The tort of misfeasance is one of the law’s few ‘public law’ torts. It was resurrected from a moribund state in Australia in the 1950s  as a mechanism for compensating citizens for harm caused by public maladministration in the era of the modern administrative state.  It is sometimes also said to constitute a mechanism - rather like private prosecution - via which individuals can play a continuing modern role in maintaining public standards, vindicating public rights and holding government agents to account for the abuse of power. Many cases involve regulatory failure in relation to licencing and approval of economic activity, but they also feature deprivations of liberty, reputational and mental harm and even personal injury across areas as diverse as policing, public investigation, employment, taxation and welfare.     

A fascinating feature of the tort is that, although it is very rarely successful, there has been a recent explosion of litigation around it.  The question is, why? Why do plaintiffs continue to sue public officers in the face of almost certain failure? Who are these litigants and what is the context of their claims? Why do so many of their allegations continue to come to nought?  In this talk, we present some raw statistics from what we believe to be the first comprehensive analysis of all reported misfeasance cases decided in Australia since 1950. The study analyses cases across the time period by reference to litigation rates, success rates,  case types and plaintiff profile. We also present some preliminary thoughts as to why it may be that litigation is on the wax.  One thesis that is consistent with the study is that litigation rates reflect the harmful effects of increasingly intrusive regulatory power on individuals where public resourcing is short, where senses of personal grievance are strong and (connectedly) alternative sources of compensation for individuals are lacking. 

About the speakers

Katelyn Lamont is a final year Economics and Law (Hons) student and research assistant at the UQ Law School.

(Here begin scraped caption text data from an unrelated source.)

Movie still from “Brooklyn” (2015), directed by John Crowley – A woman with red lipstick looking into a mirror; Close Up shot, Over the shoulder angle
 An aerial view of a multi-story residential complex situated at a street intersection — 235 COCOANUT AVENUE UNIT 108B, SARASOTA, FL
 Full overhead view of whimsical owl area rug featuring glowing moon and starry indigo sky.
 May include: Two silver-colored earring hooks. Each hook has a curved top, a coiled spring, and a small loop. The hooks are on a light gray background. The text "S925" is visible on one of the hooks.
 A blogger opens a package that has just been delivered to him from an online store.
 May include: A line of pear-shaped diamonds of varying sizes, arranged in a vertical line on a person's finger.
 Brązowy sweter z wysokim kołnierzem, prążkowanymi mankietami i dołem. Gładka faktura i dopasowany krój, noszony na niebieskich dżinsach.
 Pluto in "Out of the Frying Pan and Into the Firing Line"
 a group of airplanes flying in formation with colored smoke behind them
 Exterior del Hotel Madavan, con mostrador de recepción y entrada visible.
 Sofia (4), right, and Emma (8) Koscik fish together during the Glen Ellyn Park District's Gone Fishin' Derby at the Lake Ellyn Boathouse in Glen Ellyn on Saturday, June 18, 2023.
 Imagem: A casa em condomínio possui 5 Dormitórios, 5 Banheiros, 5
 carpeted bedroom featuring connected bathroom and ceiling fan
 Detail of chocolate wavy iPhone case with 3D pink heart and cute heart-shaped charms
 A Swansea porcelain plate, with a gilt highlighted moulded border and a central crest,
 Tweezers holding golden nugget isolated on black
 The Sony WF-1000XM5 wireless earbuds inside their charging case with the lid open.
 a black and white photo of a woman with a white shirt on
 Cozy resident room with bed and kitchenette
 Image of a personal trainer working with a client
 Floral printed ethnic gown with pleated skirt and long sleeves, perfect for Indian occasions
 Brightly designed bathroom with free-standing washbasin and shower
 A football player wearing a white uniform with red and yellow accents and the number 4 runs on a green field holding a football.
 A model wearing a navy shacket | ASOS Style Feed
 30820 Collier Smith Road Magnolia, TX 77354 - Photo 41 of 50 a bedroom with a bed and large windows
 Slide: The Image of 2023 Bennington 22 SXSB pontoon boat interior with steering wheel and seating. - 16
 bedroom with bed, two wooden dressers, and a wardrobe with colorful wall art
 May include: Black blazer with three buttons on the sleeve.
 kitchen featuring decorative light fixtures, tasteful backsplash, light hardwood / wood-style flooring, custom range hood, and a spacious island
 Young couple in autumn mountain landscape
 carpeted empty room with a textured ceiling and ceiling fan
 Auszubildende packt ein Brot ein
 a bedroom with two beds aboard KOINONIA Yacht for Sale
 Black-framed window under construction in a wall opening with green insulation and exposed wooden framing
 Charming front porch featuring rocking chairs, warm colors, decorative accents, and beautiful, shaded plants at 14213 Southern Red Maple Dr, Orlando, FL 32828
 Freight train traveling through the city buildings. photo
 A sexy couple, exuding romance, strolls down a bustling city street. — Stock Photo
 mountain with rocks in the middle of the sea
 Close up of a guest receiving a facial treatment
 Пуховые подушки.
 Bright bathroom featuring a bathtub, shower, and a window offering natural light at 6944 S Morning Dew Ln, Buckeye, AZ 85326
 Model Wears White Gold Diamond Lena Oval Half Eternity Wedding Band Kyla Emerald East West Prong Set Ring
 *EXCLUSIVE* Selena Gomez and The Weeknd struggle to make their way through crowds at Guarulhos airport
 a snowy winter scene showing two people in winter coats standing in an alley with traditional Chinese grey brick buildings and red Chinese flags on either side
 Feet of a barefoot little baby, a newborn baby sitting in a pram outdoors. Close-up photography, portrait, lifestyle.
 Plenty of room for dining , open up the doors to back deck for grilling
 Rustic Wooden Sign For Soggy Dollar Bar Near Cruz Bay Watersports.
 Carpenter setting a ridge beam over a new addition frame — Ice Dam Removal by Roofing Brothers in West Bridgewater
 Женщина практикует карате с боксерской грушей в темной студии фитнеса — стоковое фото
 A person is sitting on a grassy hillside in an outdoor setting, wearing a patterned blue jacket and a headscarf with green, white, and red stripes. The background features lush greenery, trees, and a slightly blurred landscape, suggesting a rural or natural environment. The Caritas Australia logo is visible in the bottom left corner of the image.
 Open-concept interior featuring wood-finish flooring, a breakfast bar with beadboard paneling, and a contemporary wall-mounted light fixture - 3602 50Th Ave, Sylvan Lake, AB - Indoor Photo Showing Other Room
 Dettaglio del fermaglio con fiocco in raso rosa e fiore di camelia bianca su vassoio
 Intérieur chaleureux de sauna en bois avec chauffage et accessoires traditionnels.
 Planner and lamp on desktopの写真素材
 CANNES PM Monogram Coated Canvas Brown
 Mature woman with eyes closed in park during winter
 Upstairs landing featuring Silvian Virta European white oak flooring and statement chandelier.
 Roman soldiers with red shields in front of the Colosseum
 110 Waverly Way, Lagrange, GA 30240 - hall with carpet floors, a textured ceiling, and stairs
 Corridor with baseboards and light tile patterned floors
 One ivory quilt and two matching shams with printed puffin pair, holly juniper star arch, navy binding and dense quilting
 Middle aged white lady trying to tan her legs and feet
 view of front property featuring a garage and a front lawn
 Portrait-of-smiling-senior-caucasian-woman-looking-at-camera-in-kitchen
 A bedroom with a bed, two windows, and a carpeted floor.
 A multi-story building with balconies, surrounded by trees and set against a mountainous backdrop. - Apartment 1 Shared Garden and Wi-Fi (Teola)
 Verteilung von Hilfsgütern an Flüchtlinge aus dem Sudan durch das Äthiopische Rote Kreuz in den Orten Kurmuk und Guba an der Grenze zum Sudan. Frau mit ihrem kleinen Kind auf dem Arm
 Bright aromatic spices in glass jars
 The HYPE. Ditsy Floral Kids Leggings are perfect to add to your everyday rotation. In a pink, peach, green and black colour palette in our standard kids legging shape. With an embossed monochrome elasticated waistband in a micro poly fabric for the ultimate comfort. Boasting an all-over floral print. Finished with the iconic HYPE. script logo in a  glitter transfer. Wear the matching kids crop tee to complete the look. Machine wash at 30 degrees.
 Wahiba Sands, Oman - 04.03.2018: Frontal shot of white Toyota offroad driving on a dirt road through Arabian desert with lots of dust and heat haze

Kit Barker is the current Director of the Australian Centre of Private Law also at UQ Law.  Kit’s broad expertise spans torts and unjust enrichment, with a particular interest in private law theory, remedies and the interplay of public and private law.  He is an author of several key texts such as Unjust Enrichment (2nd ed, Law Book) with Ross Grantham, The Law of Torts in Australia (5th ed, OUP) with Peter Cane,  Mark Lunney and Francis Trindade, and Remedies: Commentary and Materials (Thomson Reuters) with Normann WitzlebElise Bant and Simone Degeling. Amongst his various co-edited books are Private Law and Power (Hart) and Private Law: Key Encounters with Public Law (CUP).